One of the most impressive achievements of the British Empire was to meticulously collect artefacts, pack them up and drag them to London, where they were all hoarded and put on display over the centuries that the British Empire prospered. Of course, there are arguments on how legal this is, and there is plenty of discussion on this subject; entirely from a personal and selfish standpoint, I am more than happy to have it all in one place, as I can see the various treasures of the world in one location.
The other thing that I found quite surprising, and obviously appreciated, is the fact that everything is free. The Science Museum was free. The British Museum is free. It is truly a statement on the commitment to the advancement of culture when such collections are put on display for free. Take that, Louvre.
The rather imposing stone at the entrance:
Since we only had an afternoon, and since a good-quality visit to the British Museum can take a solid week, if not more, we had to focus our attention on the key artefacts on display. There are many, but some represent cornerstones of our society, and this was worth seeing.
The Japan section (it had a whole small wing, all to itself):
This was interesting, because the katana on display dates back to about the year 1200, but the metal, and the blade, are perfectly clean and smooth. Of course, this sort of thing gets polished and so on, but try polishing a kitchen knife from about 1990 – that should make you appreciate a blade from 800 years ago that still looks brand new today.
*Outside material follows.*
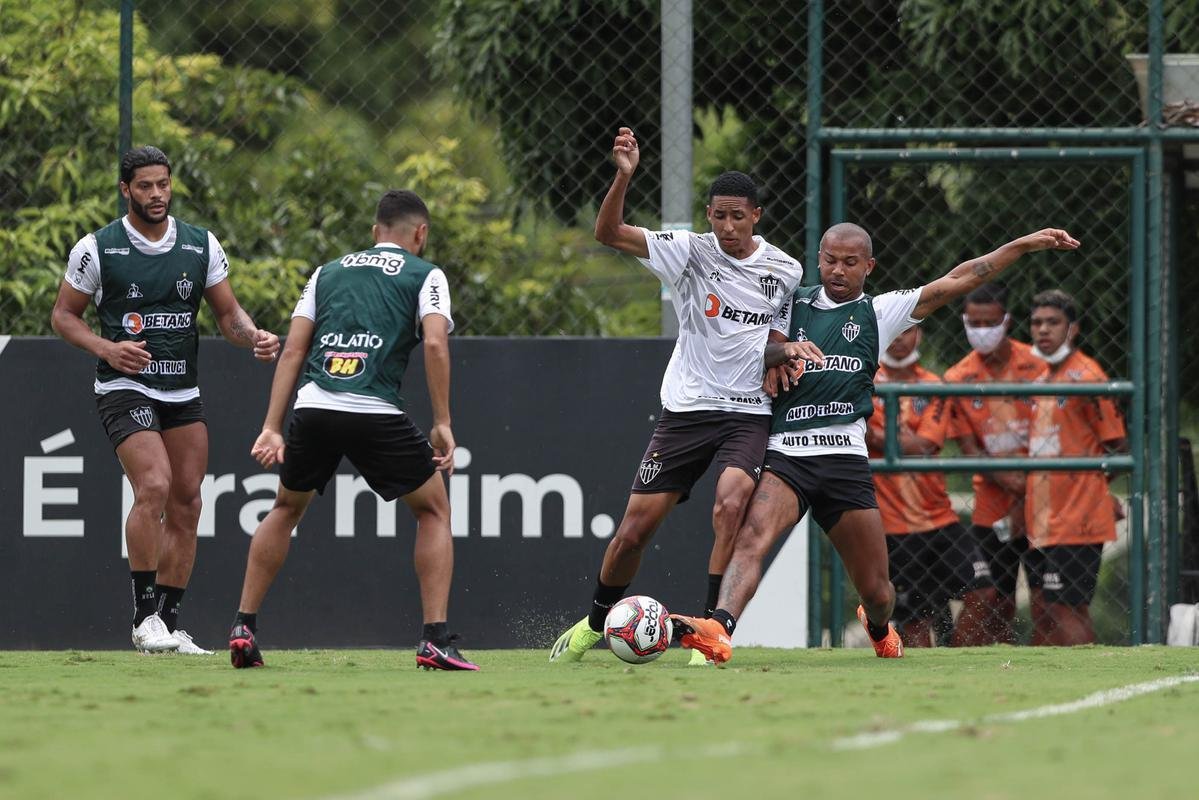 Fotos do treino do Atltico desta sexta, o primeiro aps a sada de Sampaoli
Persian golden artefacts from about 5th-4th centuries BC (the Oxus treasure):
This in particular is the Oxus Chariot model:
The Lewis Chessmen (popularised in Harry Potter, but immortalised far before that):
And, of course, the Rosetta Stone. It is absolutely fascinating in person, and once you see the hieroglyphics, demotic and Greek texts, it kind of dawns on you how impressive it is.
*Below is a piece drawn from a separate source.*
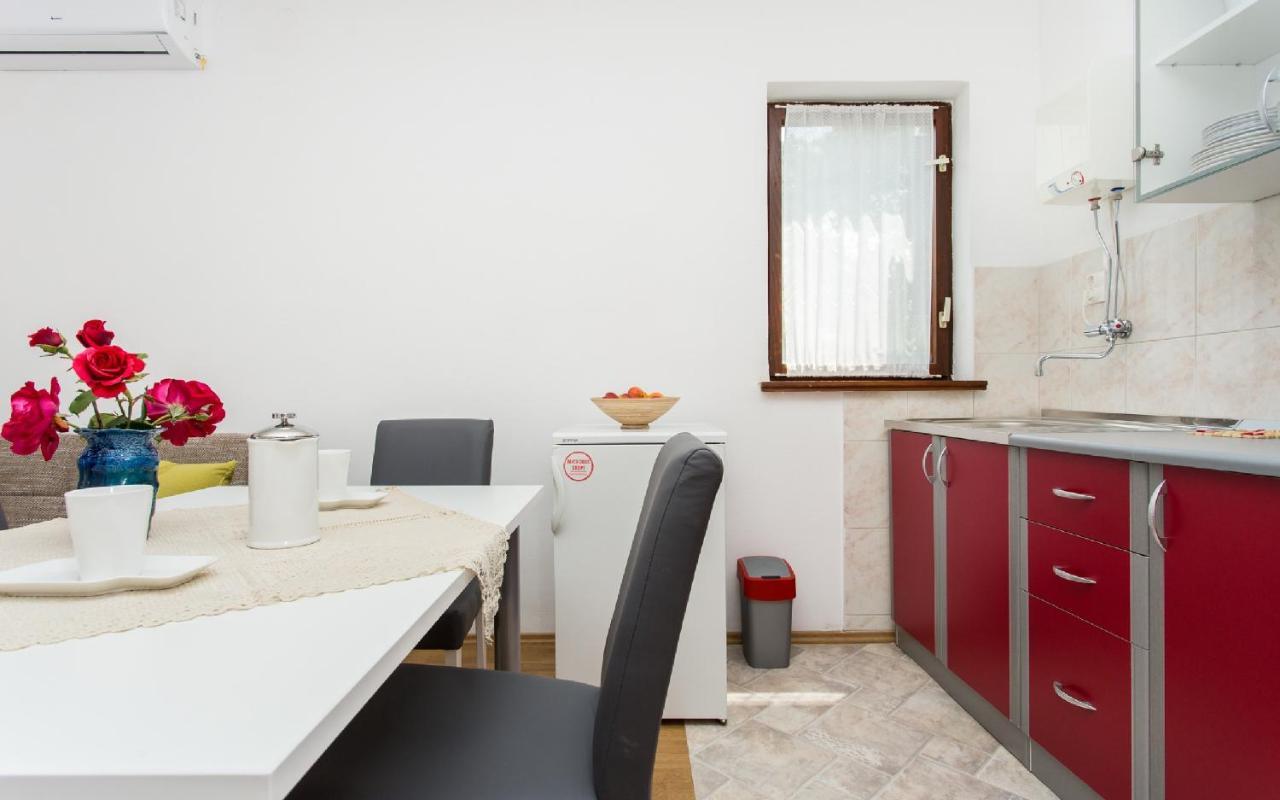 Apartman Broznic Šilo 外观 照片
All the while there are idiots taking pictures of themselves with the Rosetta Stone in the background. It is an aside, but I honestly have never understood the appeal of that. Why would one take a picture of themselves beside a famous artefact? I have seen this with the Venus de Milo in Louvre, the Minotaur torso in the Louvre, the Rome wolf in Rome, and the list goes on, and on, and on, and people just do. not. stop. It’s not like they discovered it, so why do they put their tourist faces beside such precious objects? It was no different with the Rosetta stone. If they need proof of having been there, then isn’t the picture itself sufficient proof? Anyway, I digress. Back on subject.
iPhone cases in the shop outside (notice Hiroshige’s The Great Wave off Kanagawa – isn’t it awesome how Hiroshige’s prints are all over the place, and all “original”?). The Rosetta Stone case was actually not bad. But considering how anti-iPhone-case I generally am (why destroy the otherwise beautiful design with a bulky concoction?), I passed.
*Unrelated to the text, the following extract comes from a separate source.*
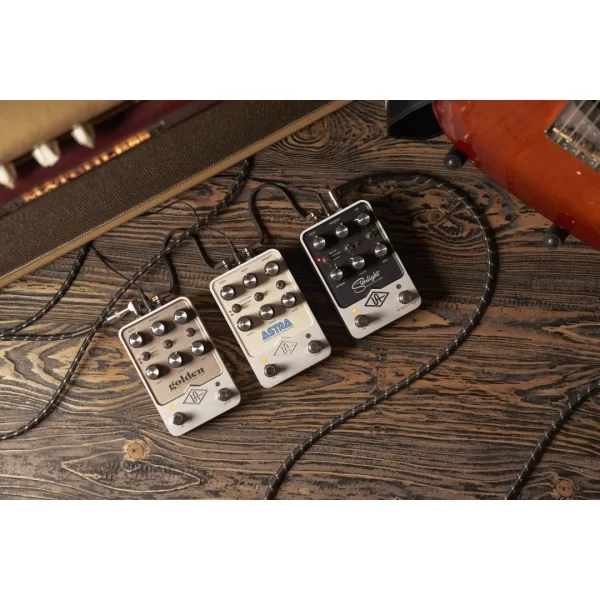 Universal Audio Astra Modulation Machine Pedal 50lerin Klasik Amerikan Tüplü Amplifikatörü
This is something I have wanted to see for a very, very long time. Having missed the awesome business class sale from JFK to IPC (Easter Island) on American Airlines for $900 round-trip (well, didn’t quite miss it, more like realised I couldn’t possibly make this many trips and still remain gainfully employed), I figured this was a great backup plan.
Really, it is awesome. Now I regret not having gone to IPC, but now I want to go twice as much. Sadly, only oneworld flies there, but we’ll figure it out when the time comes.
And, of course, (currently) one of the most disputed collections at the British Museum – the Elgin Marbles, aka the Parthenon Collection that Greece wants back so much. Not that I’m against it, but, you know, it would be nice if the rest of the Parthenon was there to put this collection in it on display……… oh wait, it kind of got destroyed along with most of the rest of Ancient Greece.
More tourists taking pictures of themselves. These are desperate enough to do it in front of a random lion at the entrance, not even in the galleries.
All in all, a very worthwhile visit. Truly, the British Museum is a phenomenal collection of artefacts of humanity, and certainly deserves more than the four or five hours that we allocated it.